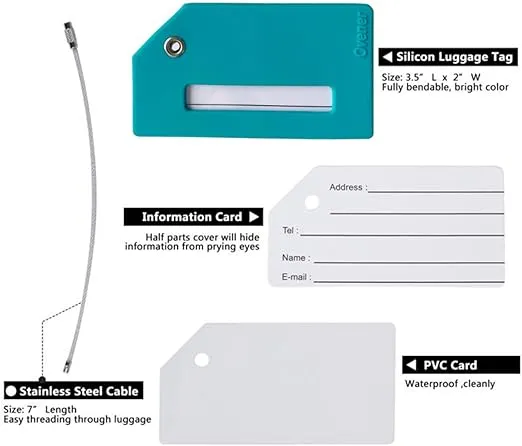 Silicone Luggage Tag with Name ID Card Perfect to Quickly Spot Luggage Suitcase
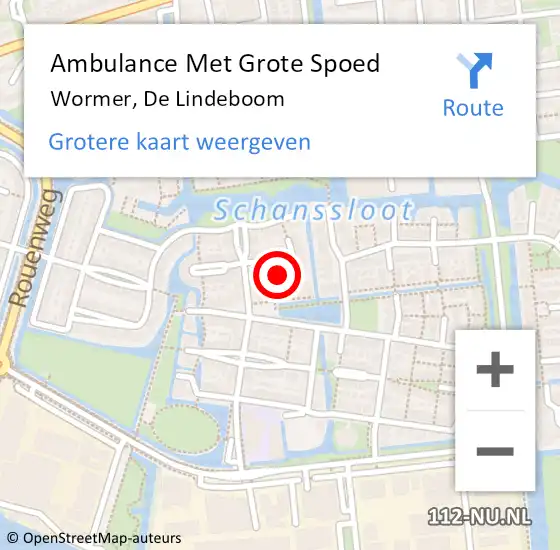 Locatie op kaart van de 112 melding: Ambulance Met Grote Spoed Naar Wormer, De Lindeboom op 27 januari 2023 17:45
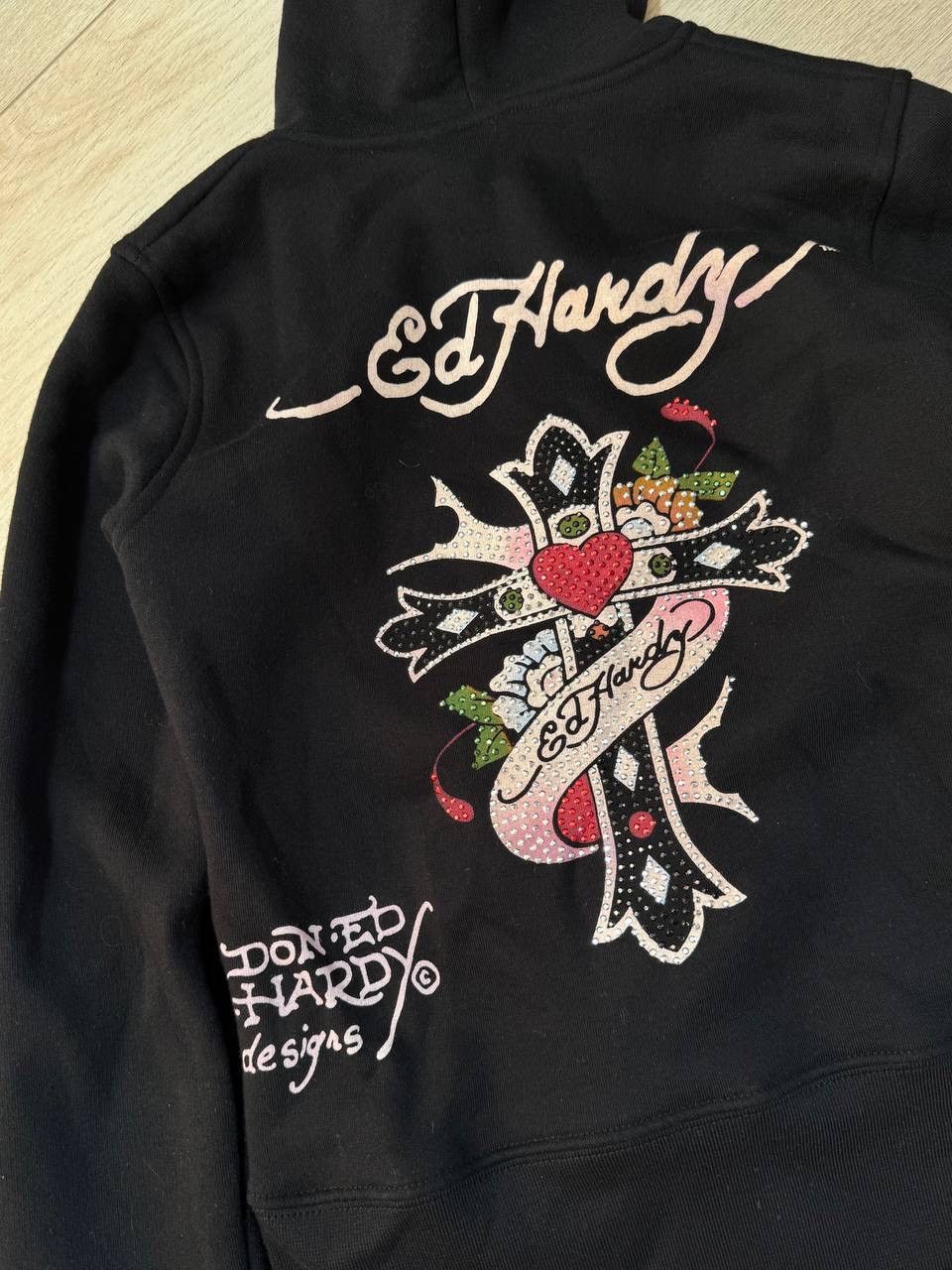 Ed Hardy Ed Hardy Zip Up Hoodie Black Cross Snake Tattoo Design Size S / US 4 / IT 40 - 2 Thumbnail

■ **What you should do**
Set the whole listing down again unchanged, apart from the pictures, which are omitted.

■ **Exercise output**
 Silicone Luggage Tag with Name ID Card Perfect to Quickly Spot Luggage Suitcase
 Locatie op kaart van de 112 melding: Ambulance Met Grote Spoed Naar Wormer, De Lindeboom op 27 januari 2023 17:45
 Ed Hardy Ed Hardy Zip Up Hoodie Black Cross Snake Tattoo Design Size S / US 4 / IT 40 - 2 Thumbnail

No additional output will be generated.